(Task) When you reproduce the listing, keep every word as it is and drop the pictures.
(Given data)
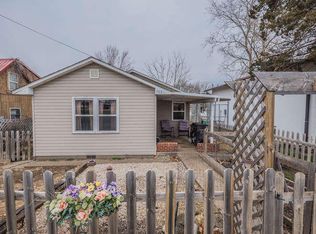 207 W Wall St, Sturgeon, MO 65284
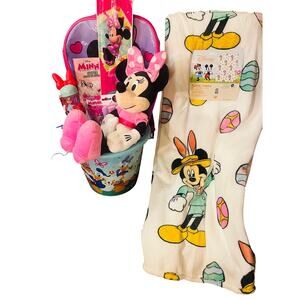 Minnie and Mickey Mouse soft 50 70 Easter throw ,kite , color book , chalk set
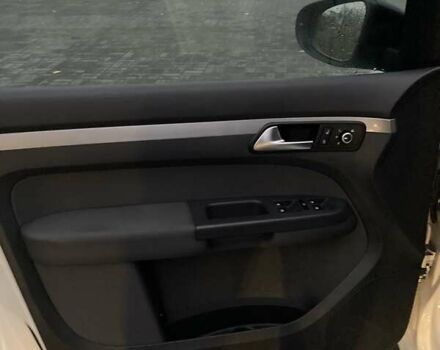 Белый Фольксваген Туран, объемом двигателя 2 л и пробегом 351 тыс. км за 10000 $, фото 4 на Automoto.ua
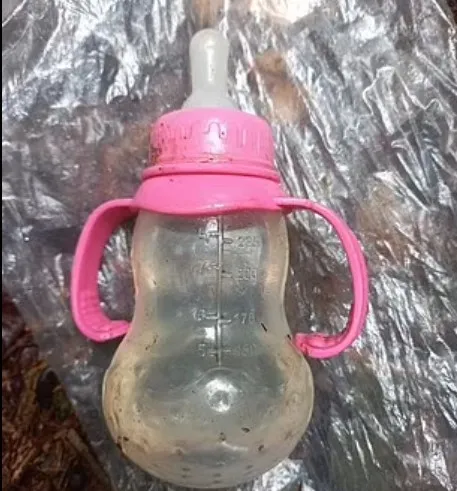 Bình sữa bị bỏ lại dọc đường. Ảnh: DAILY MAIL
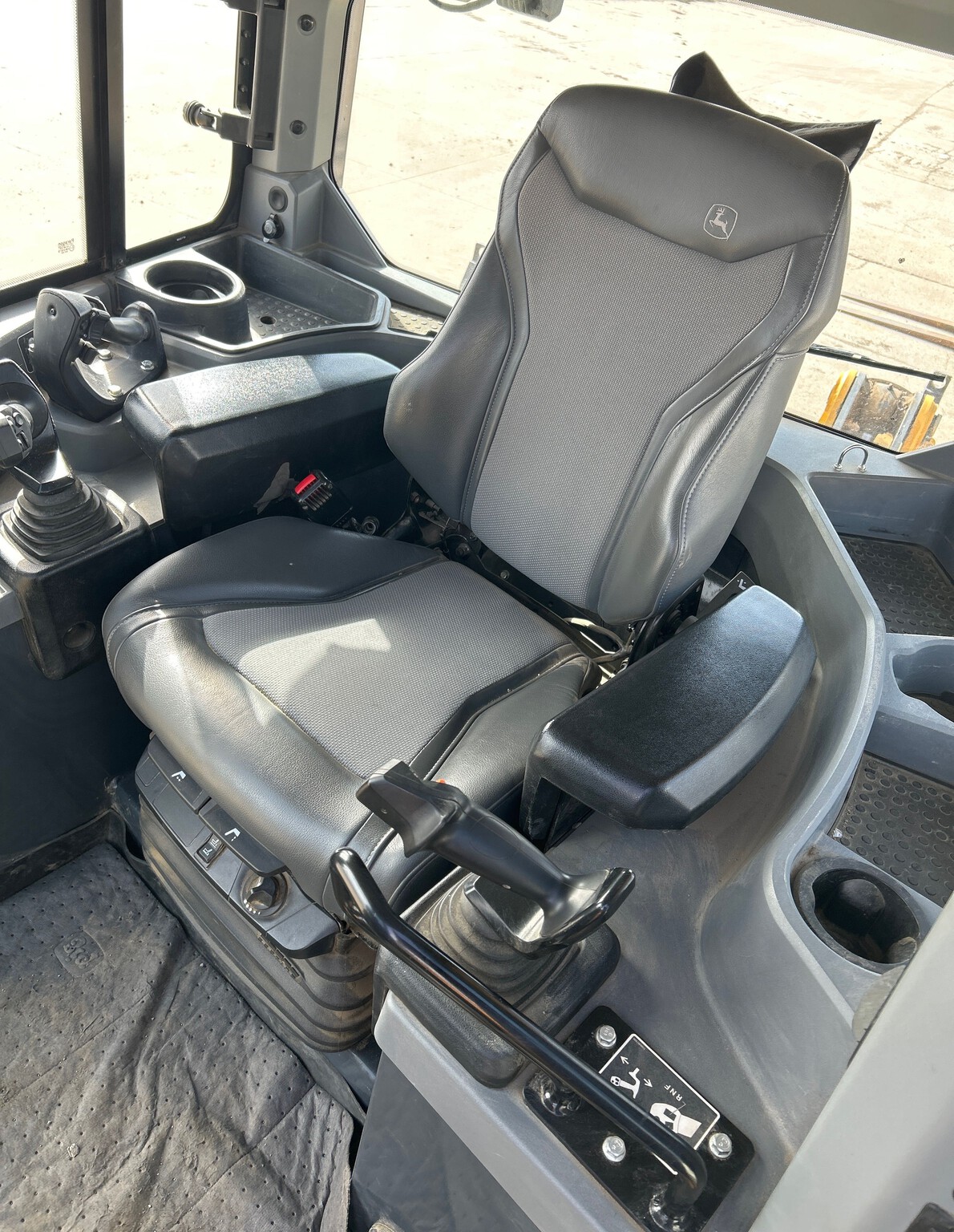 2023 John Deere 850L Image 8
(End Given data)
(Expected answer)
 207 W Wall St, Sturgeon, MO 65284
 Minnie and Mickey Mouse soft 50 70 Easter throw ,kite , color book , chalk set
 Белый Фольксваген Туран, объемом двигателя 2 л и пробегом 351 тыс. км за 10000 $, фото 4 на Automoto.ua
 Bình sữa bị bỏ lại dọc đường. Ảnh: DAILY MAIL
 2023 John Deere 850L Image 8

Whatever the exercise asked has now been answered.